(Source data)

============

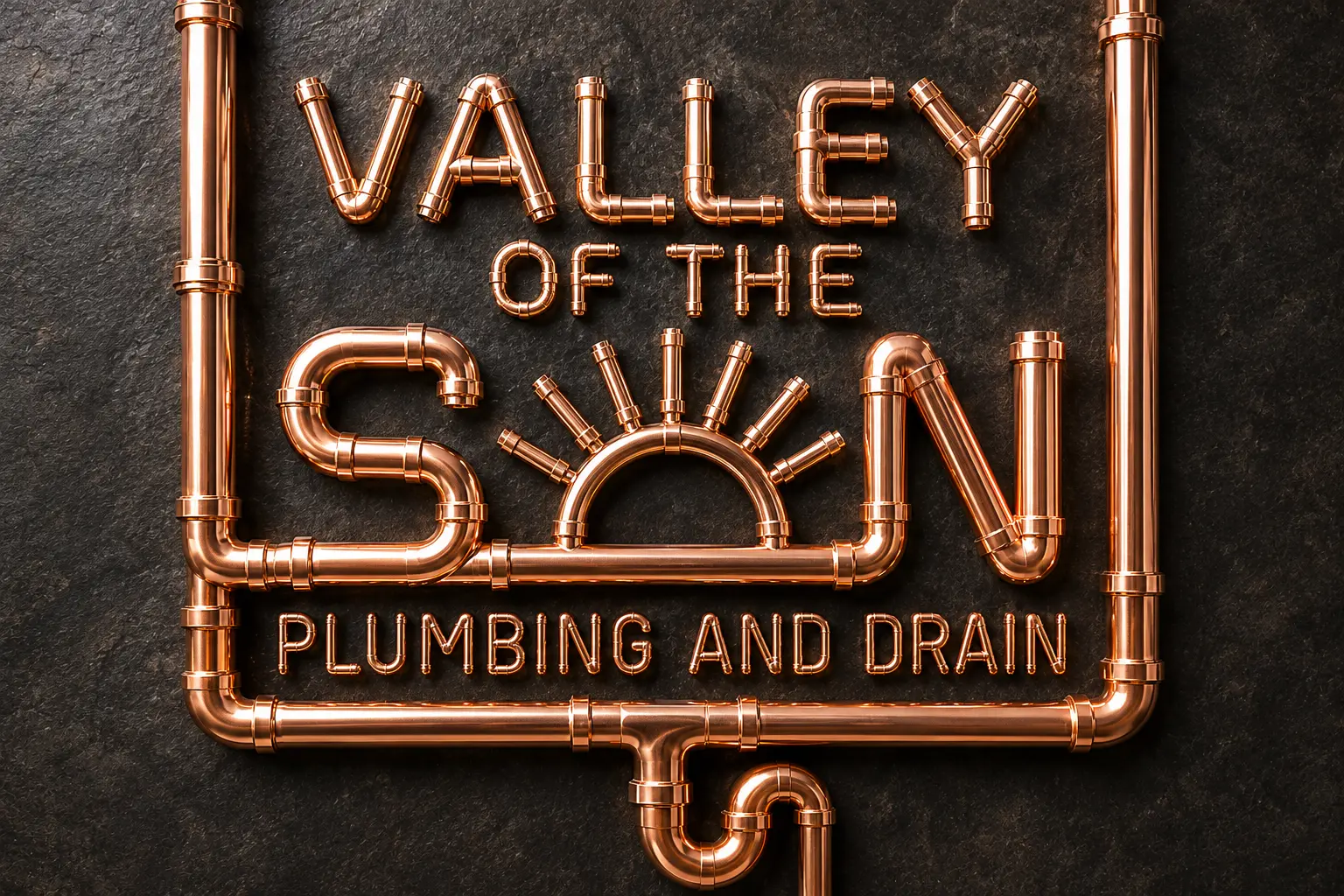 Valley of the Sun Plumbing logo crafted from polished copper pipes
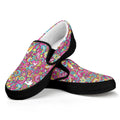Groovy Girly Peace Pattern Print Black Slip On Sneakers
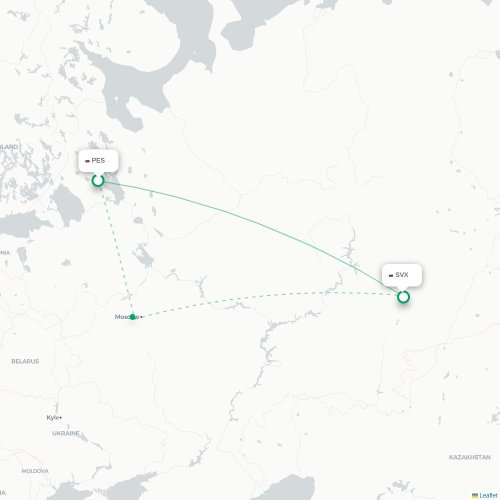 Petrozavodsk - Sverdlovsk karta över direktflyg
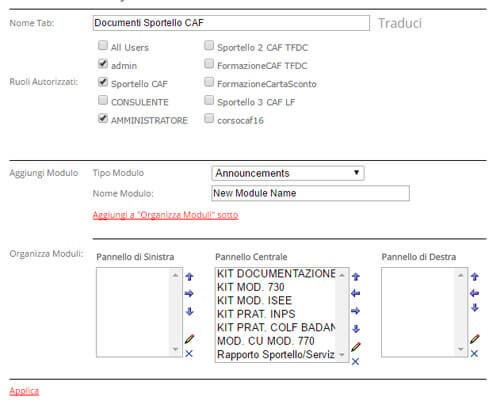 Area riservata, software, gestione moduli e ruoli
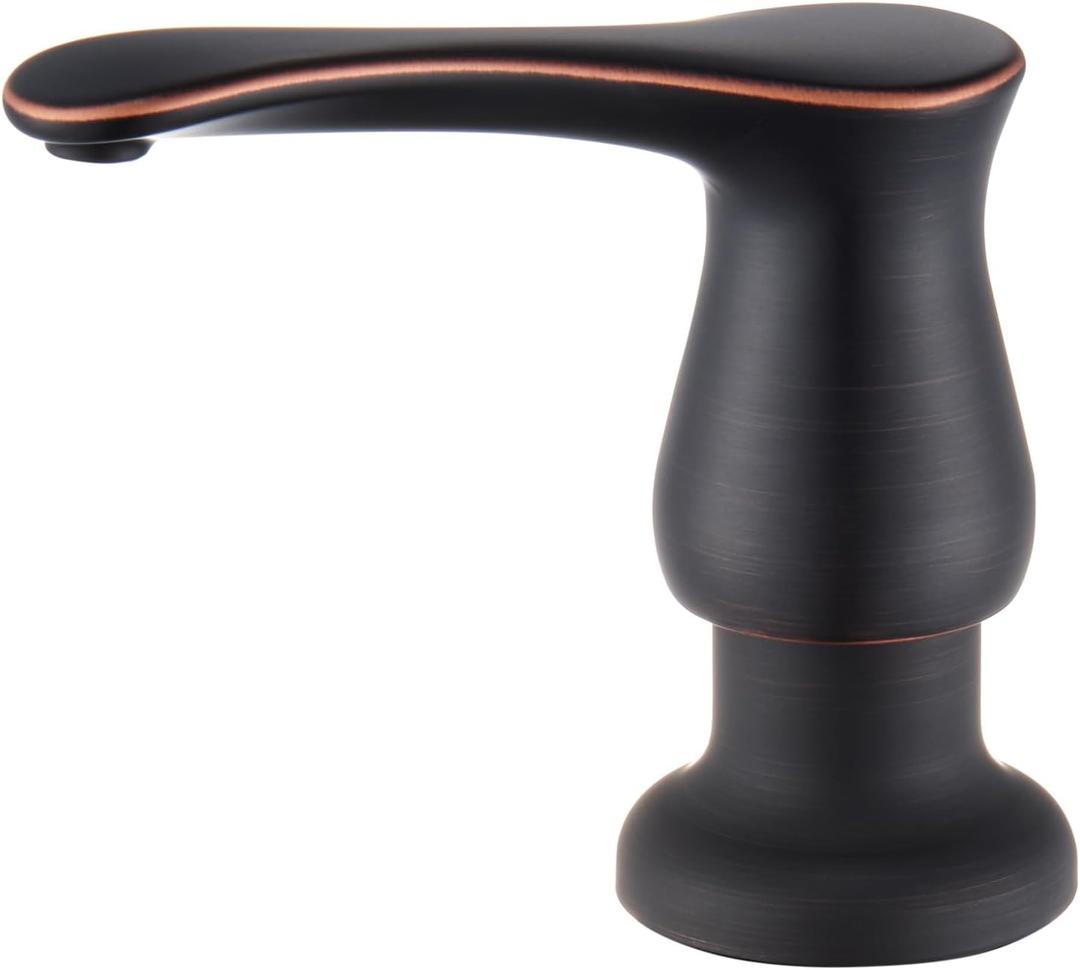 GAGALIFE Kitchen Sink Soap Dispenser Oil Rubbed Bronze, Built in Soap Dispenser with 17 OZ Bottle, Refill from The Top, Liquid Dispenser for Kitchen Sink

============

Task statement: For each record above, write out every line exactly and skip the pictures.

Task answer:
 Valley of the Sun Plumbing logo crafted from polished copper pipes
Groovy Girly Peace Pattern Print Black Slip On Sneakers
 Petrozavodsk - Sverdlovsk karta över direktflyg
 Area riservata, software, gestione moduli e ruoli
 GAGALIFE Kitchen Sink Soap Dispenser Oil Rubbed Bronze, Built in Soap Dispenser with 17 OZ Bottle, Refill from The Top, Liquid Dispenser for Kitchen Sink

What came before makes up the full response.